Learning from hierarchical spatiotemporal descriptors for micro-expression recognition

Micro-expression recognition aims to infer genuine emotions that people try to conceal from facial video clips. It is a very challenging task because micro-expressions have a very low intensity and short duration, which makes micro-expressions difficult to observe. Recently, researchers have designed various spatiotemporal descriptors to describe micro-expressions. It is notable that for better capturing the low-intensity facial muscle movement, a fixed spatial division grid, 8× 8 for example, is commonly used to partition the facial images into a few facial blocks before extracting descriptors. However, it is hard to choose an ideal division grid for different micro-expression samples because the division grids affect the discriminative ability of spatiotemporal descriptors to distinguish micro-expressions.
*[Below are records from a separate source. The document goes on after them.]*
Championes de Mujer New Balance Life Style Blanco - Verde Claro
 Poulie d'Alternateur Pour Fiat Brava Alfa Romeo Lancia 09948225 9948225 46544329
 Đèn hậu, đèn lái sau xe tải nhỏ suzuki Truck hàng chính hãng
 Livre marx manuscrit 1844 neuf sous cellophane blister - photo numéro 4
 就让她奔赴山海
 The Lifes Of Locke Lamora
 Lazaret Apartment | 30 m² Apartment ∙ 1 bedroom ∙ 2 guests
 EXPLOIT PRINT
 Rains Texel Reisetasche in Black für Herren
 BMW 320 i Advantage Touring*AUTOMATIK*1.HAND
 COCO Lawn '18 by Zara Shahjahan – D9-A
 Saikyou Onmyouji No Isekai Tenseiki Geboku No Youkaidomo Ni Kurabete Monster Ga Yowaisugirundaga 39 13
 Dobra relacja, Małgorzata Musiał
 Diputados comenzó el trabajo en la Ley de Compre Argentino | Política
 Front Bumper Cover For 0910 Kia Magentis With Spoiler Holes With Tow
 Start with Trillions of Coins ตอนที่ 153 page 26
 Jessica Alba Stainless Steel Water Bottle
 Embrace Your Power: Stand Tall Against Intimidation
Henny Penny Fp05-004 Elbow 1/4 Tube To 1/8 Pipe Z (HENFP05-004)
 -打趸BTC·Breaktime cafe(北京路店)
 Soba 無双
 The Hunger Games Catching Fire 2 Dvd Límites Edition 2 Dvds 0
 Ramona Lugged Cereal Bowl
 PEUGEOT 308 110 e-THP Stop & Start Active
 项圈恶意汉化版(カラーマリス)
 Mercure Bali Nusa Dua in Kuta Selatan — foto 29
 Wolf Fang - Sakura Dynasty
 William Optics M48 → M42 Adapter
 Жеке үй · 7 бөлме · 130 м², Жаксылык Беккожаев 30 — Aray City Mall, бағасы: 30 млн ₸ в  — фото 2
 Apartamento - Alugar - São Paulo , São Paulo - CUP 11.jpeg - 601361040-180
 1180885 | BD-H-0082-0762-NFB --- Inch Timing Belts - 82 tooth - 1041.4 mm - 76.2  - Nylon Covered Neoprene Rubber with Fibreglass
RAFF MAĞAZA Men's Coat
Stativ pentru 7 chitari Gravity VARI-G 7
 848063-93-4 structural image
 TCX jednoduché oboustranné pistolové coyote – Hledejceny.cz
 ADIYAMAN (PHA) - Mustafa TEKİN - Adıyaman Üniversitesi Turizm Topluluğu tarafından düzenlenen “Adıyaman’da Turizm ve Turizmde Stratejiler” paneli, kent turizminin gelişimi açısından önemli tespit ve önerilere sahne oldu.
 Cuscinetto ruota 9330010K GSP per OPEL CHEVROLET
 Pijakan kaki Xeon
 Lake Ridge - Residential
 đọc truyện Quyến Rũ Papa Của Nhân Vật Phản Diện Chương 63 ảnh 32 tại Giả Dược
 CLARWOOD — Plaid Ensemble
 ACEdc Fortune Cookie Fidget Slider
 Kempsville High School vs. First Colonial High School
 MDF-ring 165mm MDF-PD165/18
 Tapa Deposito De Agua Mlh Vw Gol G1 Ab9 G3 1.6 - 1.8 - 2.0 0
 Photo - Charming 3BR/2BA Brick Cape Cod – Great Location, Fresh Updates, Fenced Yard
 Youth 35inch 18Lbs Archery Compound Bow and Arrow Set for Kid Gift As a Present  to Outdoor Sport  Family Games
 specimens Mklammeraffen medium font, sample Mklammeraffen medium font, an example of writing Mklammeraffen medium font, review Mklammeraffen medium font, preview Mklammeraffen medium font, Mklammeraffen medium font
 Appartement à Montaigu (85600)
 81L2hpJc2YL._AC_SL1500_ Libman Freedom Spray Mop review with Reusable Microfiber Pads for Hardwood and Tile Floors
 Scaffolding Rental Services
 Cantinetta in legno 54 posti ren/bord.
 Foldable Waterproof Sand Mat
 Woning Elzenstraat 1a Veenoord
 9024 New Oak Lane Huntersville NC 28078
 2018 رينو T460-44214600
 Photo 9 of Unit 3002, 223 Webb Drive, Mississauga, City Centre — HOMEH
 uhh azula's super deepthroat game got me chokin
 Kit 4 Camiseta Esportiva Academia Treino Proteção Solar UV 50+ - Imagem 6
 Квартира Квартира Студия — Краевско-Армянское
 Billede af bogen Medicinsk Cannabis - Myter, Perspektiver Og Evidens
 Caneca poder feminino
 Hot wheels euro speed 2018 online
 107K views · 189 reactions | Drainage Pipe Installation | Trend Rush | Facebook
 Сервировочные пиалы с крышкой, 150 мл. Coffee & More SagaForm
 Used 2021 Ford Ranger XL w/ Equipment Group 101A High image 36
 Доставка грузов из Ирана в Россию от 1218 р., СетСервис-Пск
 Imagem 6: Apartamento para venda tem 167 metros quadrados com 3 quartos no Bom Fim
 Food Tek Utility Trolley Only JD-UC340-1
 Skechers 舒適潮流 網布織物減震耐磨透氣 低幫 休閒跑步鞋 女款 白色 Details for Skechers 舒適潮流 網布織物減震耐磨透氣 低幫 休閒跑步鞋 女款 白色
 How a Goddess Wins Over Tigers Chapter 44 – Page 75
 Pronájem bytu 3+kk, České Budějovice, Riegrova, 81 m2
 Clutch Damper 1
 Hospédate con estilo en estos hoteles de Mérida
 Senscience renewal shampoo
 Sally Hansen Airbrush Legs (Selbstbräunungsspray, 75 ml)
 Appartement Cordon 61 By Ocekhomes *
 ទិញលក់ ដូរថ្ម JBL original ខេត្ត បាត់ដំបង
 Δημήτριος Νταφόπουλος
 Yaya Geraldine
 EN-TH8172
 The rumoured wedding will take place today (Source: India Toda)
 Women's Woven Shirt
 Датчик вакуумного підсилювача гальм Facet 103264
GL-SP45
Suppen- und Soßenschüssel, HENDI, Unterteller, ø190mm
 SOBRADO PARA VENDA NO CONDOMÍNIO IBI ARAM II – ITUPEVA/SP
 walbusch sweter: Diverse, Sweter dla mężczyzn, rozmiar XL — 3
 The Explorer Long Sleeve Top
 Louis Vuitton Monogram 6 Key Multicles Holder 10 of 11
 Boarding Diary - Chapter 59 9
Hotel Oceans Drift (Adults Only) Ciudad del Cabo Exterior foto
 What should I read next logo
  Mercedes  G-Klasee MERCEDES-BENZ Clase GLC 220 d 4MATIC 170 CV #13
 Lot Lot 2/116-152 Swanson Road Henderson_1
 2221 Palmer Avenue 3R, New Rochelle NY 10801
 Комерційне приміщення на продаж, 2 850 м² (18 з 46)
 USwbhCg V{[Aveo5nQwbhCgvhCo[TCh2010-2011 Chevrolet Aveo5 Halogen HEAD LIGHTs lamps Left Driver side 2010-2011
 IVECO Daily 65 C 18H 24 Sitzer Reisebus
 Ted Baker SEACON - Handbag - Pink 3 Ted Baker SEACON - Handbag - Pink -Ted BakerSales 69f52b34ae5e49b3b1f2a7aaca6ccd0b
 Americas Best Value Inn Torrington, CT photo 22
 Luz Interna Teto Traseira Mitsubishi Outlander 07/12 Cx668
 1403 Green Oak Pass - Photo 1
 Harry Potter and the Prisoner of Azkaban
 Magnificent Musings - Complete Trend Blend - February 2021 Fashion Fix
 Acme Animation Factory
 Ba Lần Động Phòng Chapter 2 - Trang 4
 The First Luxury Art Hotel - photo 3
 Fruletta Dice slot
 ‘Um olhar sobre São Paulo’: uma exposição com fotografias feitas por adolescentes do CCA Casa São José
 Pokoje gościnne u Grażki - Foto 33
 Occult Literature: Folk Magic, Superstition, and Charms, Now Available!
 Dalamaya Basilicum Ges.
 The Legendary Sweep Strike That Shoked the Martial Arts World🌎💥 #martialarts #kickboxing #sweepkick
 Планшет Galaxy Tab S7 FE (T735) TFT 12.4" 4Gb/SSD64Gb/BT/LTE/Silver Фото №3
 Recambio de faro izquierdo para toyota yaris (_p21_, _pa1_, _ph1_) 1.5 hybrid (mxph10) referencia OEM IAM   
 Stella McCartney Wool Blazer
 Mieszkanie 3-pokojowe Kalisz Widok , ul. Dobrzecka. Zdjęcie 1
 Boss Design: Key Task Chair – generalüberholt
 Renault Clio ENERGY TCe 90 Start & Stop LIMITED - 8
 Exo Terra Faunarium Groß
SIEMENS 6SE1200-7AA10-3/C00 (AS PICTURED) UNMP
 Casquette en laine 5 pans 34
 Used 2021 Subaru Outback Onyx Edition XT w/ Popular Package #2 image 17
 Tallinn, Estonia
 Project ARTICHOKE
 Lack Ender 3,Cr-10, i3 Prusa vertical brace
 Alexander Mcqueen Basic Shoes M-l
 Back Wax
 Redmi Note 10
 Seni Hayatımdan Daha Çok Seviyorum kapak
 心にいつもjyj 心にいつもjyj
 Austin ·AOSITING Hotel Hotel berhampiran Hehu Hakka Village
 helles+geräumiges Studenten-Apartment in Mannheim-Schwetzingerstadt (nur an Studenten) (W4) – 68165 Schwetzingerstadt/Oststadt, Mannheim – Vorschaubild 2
To address this problem, in this paper, we design a hierarchical spatial division scheme for spatiotemporal descriptor extraction. By using the proposed scheme, it would not be a problem to determine which division grid is most suitable regarding different micro-expression samples. Furthermore, we propose a kernelized group sparse learning (KGSL) model to process hierarchical scheme based spatiotemporal descriptors such that they are more effective for micro-expression recognition tasks. To evaluate the performance of the proposed micro-expression recognition method consisting of the hierarchical scheme based spatiotemporal descriptors and KGSL, extensive experiments are conducted on two public micro-expression databases: CASME II and SMIC. Compared with many recent state-of-the-art approaches, our method achieves more promising recognition results.